Meditation reunites the pure beam of light that is fragmented by the prism of the ego. It leads to a new way of seeing, a way of perception that merges the daily practice of meditation with daily life and work, as an integrated way of faith. When we see something, as a child, for the first time we are amazed. The world is teeming with undiscovered wonders and we cannot understand why our elders seems so unimpressed. I was waiting once for my bags to appear on the carousel at an airport terminal. It seemed an interminable wait and I just wanted to get out into the fresh air. Then I noticed a small boy staring at the carousel with transfigured attention. When the light flashed and the bell rang to announce the bags his excitement escalated. When his own bags appeared he shouted the news to his father with an unbearable joy and wonder. I was just pleased my bags had not got lost again. Whoever loved that loved not at first sight? Whoever did not see the world for the first time and fall in love with it? But we gradually forget this first-sight thrill as life becomes routine and stress filters out the joy and wonder. But the first sight experience is recoverable at another level of perception. If it is not recovered, we fail to develop. Faith is the capacity to see again for the first time.

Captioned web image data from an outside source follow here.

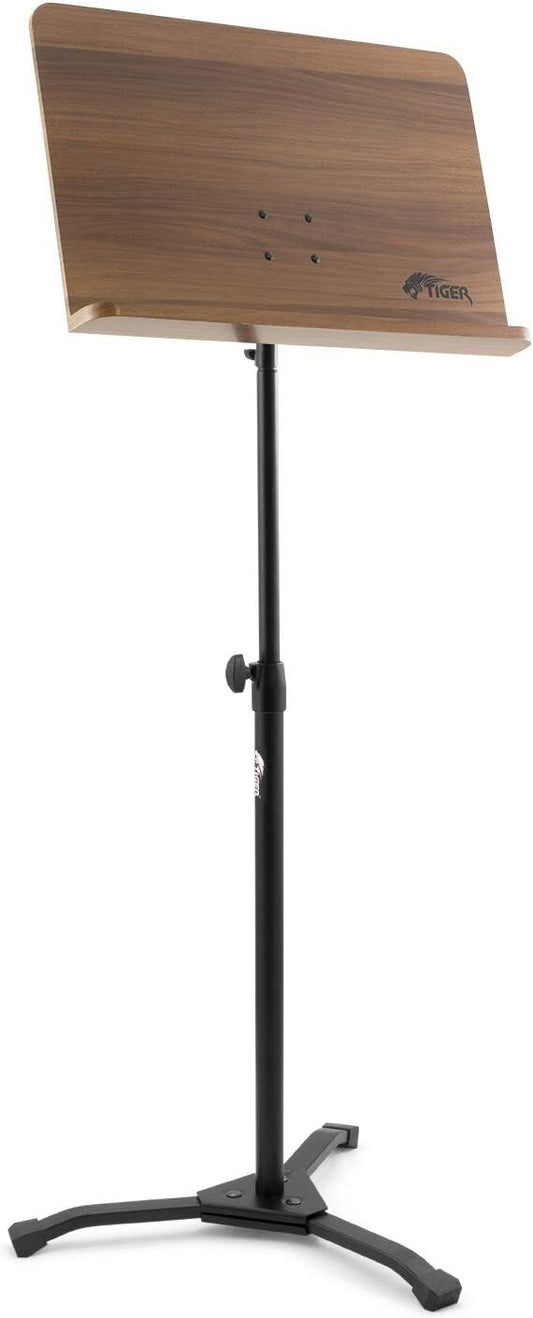 TIGER MUS35-PRO Orchester-Notenpult mit professioneller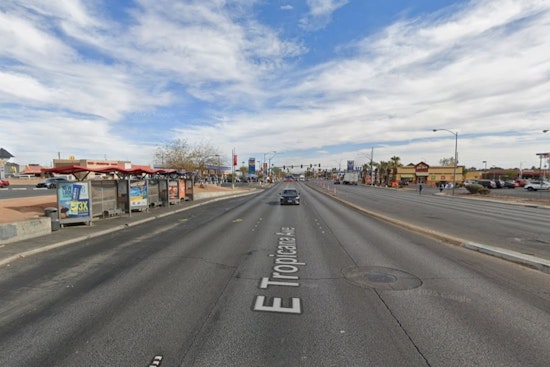 Missing Las Vegas Woman, 63, Vanishes on Bus Trip, Family Gets Bitcoin Texts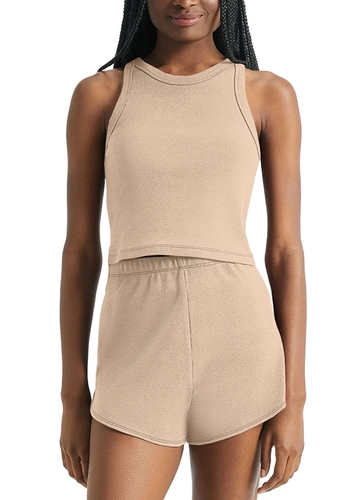 Pijama Feminino Curto Hering 7ckr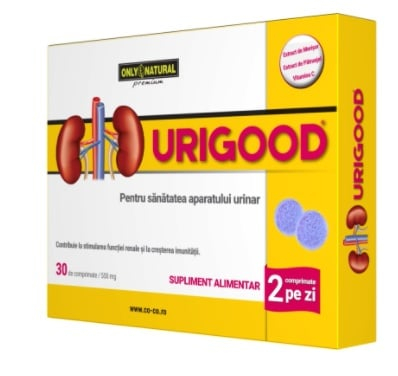 Altele - Urigood X 30 Comprimate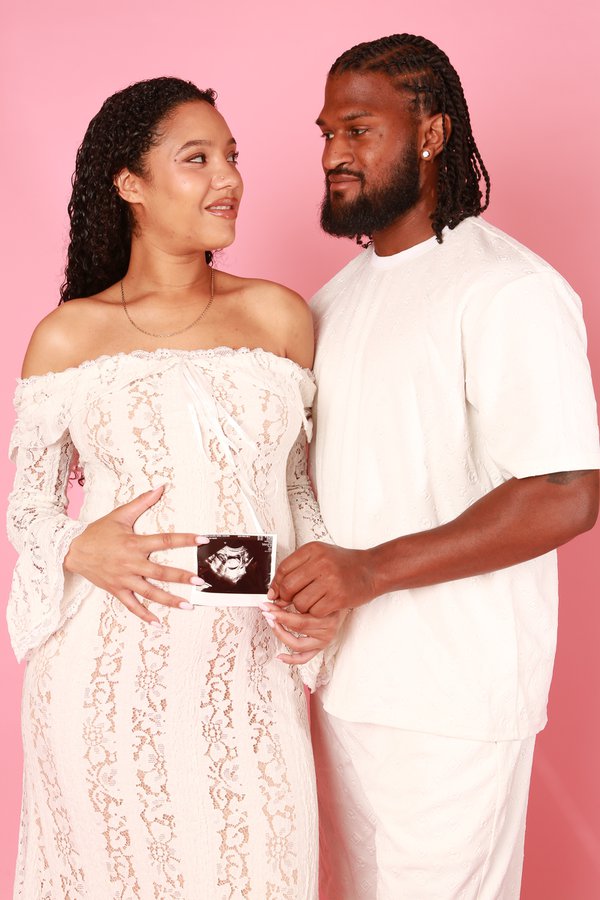 Maternity example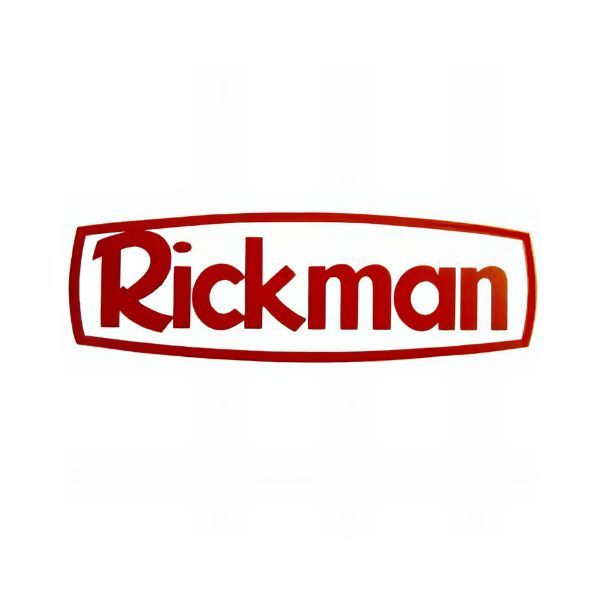 Rickman Logo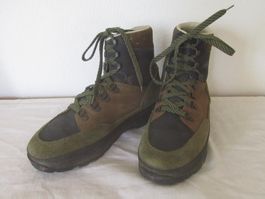 Wanderschuhe LOWA Trekking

After meditation: “The Coming of Light” by Mark Strand in COLLECTED POEMS (New York: Knoph, 2014), p. 183.
The Coming of Light
Even this late it happens:
the coming of love, the coming of light.
You wake and the candles are lit as if by themselves,
stars gather, dreams pour into your pillows,
sending up warm bouquets of air.
Even this late the bones of the body shine
and tomorrow’s dust flares into breath.